Ömer Sebahattin Çetin kim?
Belediye Başkanı Özcan Işıklar’ın çocukluk arkadaşı...
Her taşın altından çıkan adam...
Belediye içerisindeki resmi görevi Strateji Geliştirme Müdür Vekili olmasına rağmen; Basın Yayın ve Halkla İlişkiler Müdürlüğü ile SİLKENT bütçelerinin ilgili mal ve hizmet alımlarını bu kişi yönlendiriyor.
SİLKENT de aynı şekilde...
Silivri Belediyesi’nin bir iktisadi teşebbüsü olan SİLKENT'in (Silivri Kent Hizmetleri Ticaret ve Sanayi Anonim Şirketi) başında müdür sıfatı ile Ayhan Öztürk adlı daha önce hakkındaki yolsuzluk iddiaları ayyuka çıkmış zât var.
Ancak mal ve hizmet alımı ile ilgili para harcanması gereken işlemlerin kararını Ömer Sebahattin Çetin ile birlikte alıyorlar.
Özcan Işıklar "görev" paylaşımını bu şekilde yapmış.
Ömer Sebahattin Çetin, aynı Özcan Işıklar’ın taktiğini uyguluyor. Neredeyse bu birimlerdeki her işlemin arkasında kendisi olmasına rağmen resmi sorumluluk taşıyan imzaları başkalarına attırıyor.
Özcan Işıklar da riskli evraklara imza atmıyor ve kılıfına uydurup başkalarına imzalattırıyor.
SİLKENT yıllardan beri zararda...
Bu şirket içerisinde hiç abartmadan söylüyorum trilyonlar dönüyor.
Yukarıda belirttiğim organizasyonların başında her taşın altından çıkan isim olan Ömer Sebahattin Çetin var.

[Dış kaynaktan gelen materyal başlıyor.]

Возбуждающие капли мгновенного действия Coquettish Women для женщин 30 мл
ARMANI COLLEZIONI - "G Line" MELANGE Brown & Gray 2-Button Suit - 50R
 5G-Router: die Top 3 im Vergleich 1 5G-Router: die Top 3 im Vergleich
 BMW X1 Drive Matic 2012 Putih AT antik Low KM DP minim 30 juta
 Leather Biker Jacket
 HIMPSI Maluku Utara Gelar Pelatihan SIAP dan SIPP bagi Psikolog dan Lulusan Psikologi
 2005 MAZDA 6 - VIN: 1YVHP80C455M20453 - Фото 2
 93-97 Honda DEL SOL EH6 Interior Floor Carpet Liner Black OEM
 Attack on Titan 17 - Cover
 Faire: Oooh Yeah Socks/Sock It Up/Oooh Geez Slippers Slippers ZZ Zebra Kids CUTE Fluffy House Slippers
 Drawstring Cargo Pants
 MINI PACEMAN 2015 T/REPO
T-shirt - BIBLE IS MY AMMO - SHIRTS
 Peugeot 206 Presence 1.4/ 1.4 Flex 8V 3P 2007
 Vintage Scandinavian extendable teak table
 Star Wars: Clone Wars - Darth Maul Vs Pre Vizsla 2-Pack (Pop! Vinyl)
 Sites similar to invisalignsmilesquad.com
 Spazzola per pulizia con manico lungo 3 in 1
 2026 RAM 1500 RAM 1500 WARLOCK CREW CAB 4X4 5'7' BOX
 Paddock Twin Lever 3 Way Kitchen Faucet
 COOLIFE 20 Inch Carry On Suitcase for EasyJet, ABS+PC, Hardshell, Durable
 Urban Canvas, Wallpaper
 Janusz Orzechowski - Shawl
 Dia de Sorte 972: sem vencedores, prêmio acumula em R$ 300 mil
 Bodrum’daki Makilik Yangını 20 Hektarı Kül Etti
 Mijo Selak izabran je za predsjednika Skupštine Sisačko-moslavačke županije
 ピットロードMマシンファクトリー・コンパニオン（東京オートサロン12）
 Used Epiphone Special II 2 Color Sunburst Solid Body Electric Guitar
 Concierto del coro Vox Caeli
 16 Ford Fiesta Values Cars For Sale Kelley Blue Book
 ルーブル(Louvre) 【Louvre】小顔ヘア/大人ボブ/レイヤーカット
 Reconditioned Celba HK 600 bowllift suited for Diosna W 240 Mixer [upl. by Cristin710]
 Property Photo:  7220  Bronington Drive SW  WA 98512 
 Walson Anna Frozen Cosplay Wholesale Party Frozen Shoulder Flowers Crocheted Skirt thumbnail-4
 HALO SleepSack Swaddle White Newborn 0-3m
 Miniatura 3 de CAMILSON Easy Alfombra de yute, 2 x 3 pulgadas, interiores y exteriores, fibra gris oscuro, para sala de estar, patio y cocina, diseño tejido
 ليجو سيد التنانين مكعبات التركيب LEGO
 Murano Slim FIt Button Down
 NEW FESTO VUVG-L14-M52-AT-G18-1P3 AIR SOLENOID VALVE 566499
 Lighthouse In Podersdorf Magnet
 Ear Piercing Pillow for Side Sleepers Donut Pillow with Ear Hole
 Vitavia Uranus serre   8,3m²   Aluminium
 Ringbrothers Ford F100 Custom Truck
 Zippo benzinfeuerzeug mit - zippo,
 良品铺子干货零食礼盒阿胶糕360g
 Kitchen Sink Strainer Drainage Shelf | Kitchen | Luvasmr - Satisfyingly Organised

Özcan Işıklar’ın 6 yaşından beri çocukluk arkadaşı olan, Silivri’de halk arasında “Tavuk Ömer” lakabıyla anılan ve belediye içerisinde her taşın altından çıkan Ömer Sebahattin Çetin’in belediyeye girmeden önceki durumunu hatırlayanınız vardır mutlaka.
Sabahtan akşama kadar ya Şuayyip’in çay bahçesinde ya da Piramit Çay Bahçesi’nde boş boş otururdu. 6-7 bardak çaydan daha fazlasını içtiği zaman hesabı ödeyemezdi.
O kadar yani...
Ancak Özcan Işıklar’ın belediye başkanı seçilmesiyle birlikte o da belediyeye kapağı attı.
Ömer’in memuriyet kıdemi çok düşük...
Resmi maaşı 2000 TL’nin altında...
Ancak Işıklar belediye başkanı olduğundan beri yılda neredeyse 10 kez yurt dışına çıkıyor.
Yine o tarihten sonra çocuklarının yaşam kalitelerinde de dikkat çekici bir artış başladı.
Henüz öğrenci olan oğlu Boran Arda Çetin, babasının Silivri Belediyesi ile irtibat kurmasıyla birlikte okul vs bahanelerle sık sık çeşitli Avrupa ülkelerine ve ABD’ye gidip gelmeye başladı.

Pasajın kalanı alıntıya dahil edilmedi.